El año pasado descubrí que una de las actividades más antiguas y olvidadas entre la sociedad del primer mundo sigue viva. No, no me refiero a la empatía. Me refiero al trabajo de “celestina” o “casamentera”.
Esta fascinante profesión ha evolucionado a la sombra de nuestros smartphones y se ha reinventado. No ha quedado relegada entre aplicaciones de móvil e ingenuos que aún creen que es buena idea juntar a los amigos para que surja el amor. El mismo Will Smith de “Hitch” queda desfasado comparado con esta nueva y renovada ocupación, y hasta mi abuela queda mal en su pobre intento pasivo agresivo de casarme con una solterita de oro para que, dicho sea de paso, se me olvide la tontería de que soy homosexual.

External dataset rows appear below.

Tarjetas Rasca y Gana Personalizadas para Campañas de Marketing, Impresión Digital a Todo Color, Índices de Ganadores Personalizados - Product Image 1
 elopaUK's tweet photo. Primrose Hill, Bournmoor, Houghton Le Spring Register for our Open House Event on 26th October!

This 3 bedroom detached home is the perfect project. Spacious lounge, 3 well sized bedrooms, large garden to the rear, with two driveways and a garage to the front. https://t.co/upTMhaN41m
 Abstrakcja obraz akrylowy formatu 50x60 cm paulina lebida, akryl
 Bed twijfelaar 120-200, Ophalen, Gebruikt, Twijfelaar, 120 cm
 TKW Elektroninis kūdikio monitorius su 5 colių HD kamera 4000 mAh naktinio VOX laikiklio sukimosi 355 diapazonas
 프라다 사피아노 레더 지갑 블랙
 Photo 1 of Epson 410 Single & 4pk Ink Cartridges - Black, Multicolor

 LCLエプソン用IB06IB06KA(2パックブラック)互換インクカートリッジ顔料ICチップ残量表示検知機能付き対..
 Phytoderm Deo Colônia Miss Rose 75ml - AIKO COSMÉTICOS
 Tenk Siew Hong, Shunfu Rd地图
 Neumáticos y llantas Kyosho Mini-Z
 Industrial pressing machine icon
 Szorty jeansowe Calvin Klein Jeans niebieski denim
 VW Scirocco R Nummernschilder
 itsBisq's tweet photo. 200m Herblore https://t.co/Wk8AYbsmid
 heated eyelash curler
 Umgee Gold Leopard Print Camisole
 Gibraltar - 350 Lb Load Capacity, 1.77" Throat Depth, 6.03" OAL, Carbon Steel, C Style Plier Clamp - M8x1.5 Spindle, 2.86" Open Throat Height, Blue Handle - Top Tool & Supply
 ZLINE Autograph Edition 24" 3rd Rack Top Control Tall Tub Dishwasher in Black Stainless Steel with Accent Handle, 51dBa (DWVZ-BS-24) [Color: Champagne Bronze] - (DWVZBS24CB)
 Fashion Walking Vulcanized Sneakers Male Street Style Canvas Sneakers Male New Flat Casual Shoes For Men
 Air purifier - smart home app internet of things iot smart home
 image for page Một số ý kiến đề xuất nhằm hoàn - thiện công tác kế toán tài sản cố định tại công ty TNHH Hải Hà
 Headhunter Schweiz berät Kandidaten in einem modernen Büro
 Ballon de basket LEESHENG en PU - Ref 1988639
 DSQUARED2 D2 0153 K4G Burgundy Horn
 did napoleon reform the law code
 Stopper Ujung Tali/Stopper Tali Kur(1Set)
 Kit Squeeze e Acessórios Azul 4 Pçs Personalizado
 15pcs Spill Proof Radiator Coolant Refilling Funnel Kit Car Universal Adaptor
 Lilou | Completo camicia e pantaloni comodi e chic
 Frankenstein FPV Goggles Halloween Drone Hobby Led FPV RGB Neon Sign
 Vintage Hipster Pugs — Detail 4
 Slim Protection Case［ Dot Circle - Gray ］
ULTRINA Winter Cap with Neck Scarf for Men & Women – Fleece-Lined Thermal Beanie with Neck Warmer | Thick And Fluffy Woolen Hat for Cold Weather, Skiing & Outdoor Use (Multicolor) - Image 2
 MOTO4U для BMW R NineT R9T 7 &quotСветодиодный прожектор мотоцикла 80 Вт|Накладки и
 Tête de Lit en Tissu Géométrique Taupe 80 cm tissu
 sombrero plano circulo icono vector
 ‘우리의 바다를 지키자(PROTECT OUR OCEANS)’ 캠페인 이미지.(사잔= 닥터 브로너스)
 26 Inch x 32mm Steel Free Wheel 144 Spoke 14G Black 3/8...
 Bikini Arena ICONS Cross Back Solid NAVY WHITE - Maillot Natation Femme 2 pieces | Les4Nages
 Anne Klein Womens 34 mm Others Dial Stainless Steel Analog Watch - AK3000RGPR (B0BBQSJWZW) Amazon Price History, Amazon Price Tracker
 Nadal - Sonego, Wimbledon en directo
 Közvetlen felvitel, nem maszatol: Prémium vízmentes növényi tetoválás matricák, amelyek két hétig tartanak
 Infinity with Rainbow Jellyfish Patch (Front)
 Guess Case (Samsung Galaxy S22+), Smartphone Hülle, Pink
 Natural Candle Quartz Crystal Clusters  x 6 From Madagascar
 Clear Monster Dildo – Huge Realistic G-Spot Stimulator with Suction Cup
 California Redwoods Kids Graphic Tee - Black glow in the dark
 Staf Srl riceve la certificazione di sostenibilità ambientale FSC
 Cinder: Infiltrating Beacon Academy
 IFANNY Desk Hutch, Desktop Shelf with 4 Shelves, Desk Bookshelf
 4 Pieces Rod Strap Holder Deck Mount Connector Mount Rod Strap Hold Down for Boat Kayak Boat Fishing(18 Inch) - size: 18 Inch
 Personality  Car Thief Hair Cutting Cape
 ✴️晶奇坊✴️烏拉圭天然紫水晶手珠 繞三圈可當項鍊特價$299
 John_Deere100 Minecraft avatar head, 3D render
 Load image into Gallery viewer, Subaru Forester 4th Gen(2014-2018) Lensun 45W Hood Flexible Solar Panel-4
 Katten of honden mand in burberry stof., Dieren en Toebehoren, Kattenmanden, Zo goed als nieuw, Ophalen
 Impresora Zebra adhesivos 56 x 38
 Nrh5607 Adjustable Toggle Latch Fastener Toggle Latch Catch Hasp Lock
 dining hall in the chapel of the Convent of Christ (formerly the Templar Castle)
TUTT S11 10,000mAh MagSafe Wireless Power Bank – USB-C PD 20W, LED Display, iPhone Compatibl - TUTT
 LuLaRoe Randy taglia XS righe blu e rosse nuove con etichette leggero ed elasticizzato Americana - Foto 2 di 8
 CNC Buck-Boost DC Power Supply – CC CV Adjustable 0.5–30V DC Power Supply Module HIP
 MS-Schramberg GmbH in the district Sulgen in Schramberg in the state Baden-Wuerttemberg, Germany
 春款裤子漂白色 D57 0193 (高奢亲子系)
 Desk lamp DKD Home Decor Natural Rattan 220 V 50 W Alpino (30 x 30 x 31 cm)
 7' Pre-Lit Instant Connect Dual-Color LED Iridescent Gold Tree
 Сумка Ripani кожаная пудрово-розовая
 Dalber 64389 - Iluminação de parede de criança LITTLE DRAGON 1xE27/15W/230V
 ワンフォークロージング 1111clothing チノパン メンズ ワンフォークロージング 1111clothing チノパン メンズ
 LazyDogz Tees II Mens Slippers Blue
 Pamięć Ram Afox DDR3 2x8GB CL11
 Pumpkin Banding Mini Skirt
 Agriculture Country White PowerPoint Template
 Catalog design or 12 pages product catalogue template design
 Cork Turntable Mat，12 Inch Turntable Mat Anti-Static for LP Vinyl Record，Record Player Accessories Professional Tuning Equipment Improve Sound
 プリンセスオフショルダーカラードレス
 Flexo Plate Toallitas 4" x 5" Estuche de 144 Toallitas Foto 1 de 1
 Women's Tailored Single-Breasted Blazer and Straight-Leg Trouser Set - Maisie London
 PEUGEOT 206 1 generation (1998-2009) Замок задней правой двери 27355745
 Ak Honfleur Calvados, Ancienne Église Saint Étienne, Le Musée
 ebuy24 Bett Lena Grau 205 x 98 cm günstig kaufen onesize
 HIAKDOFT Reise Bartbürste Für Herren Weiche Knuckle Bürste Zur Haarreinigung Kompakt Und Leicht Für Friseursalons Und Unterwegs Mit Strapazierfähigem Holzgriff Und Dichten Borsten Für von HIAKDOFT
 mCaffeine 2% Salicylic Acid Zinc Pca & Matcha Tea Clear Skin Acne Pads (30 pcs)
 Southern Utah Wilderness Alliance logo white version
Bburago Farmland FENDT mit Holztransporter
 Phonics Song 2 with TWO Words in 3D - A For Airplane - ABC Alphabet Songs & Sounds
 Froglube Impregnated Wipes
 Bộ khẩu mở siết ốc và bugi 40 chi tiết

Yaya, que nos llevamos sesenta años.

© RICARDO D. PERIS
En el verano de 2016 fui contratado en Sydney por un empresario millonario australiano para gestionarle el asunto de las citas. Pasaba la mayoría de su tiempo ajetreado entre conferencias, cocaína, documentos, y abogados… Él, ser vivo y humano (una cosa más que la otra) necesitaba una mano con el tema de las relaciones. Muchos estudios certifican que tenemos menos relaciones que las personas del siglo pasado debido a problemas como la sustitución del sexo real por el porno, la ansiedad, las redes sociales o la depresión con especial influjo por falta de flujo. Entre otros muchos aprietos fueron sus jornadas de trabajo extremadamente largas y su escaso tiempo libre lo que me dio trabajo.
Después de probar con prostitutas, de someter a sus empleados, de obligarme a cantarle “la bamba” vestido de mariachi, a pesar de reiterarle que España y México no es lo mismo, se dio cuenta de que lo único que le haría feliz… era el amor de una persona libre.